When the German military supported the bombing of the Serbian capital Belgrade in its first international war mission in 1999, cultural officials did not call for a boycott. Instead, they unleashed a campaign against Peter Handke, one of the few German-language writers who dared to protest publicly against this barbaric act.

In 2012, the 84-year-old Nobel laureate Günter Grass also became the target of a furious smear campaign when he criticised Israeli bombing terror against Palestinians in Gaza in a poem.

When the US and its NATO allies invaded Afghanistan, Iraq and Libya and fuelled the civil war in Syria—wars that claimed over a million victims and drove millions more to flee—the Frankfurt Book Fair did not exclude the Americans or the British, nor did it demand political confessions from artists.

Nor is the current war in Ukraine—as reactionary and deplorable as Russia’s actions are—by any means all down to Putin. Through their numerous wars, the military encirclement of Russia and the support of the right-wing coup in Kiev eight years ago, the US and NATO have systematically provoked it. Now they are flooding the country with weapons and turning it into an El Dorado for international mercenaries and fascist militias to make the war as bloody as possible.

The US, Germany and NATO are pursuing the goal of installing a regime in Moscow that will also serve their interests, eliminate Russia as a strategic rival and gain unrestricted access to its vast natural resources. The German government is using the war in Ukraine as a welcome opportunity to shake off all the restrictions of the past and to emerge as the strongest military power in Europe.

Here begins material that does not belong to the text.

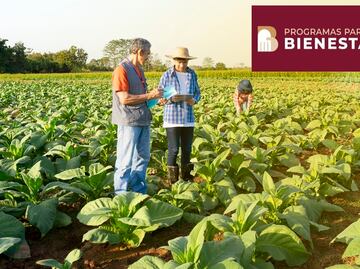 Producción para el Bienestar. Campesinos ya pueden cobrar apoyos de hasta 24 mil pesos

When Chancellor Olaf Scholz delivered his war speech in parliament last Sunday, announcing the biggest rearmament programme in Germany since Hitler and inaugurating direct arms deliveries to Ukraine, there was euphoria among the assembled deputies. There was no end to the standing ovations. Anyone who opposes this is to be intimidated. The agitation against the Russians serves the ideological mobilisation for NATO’s long-prepared war against Russia.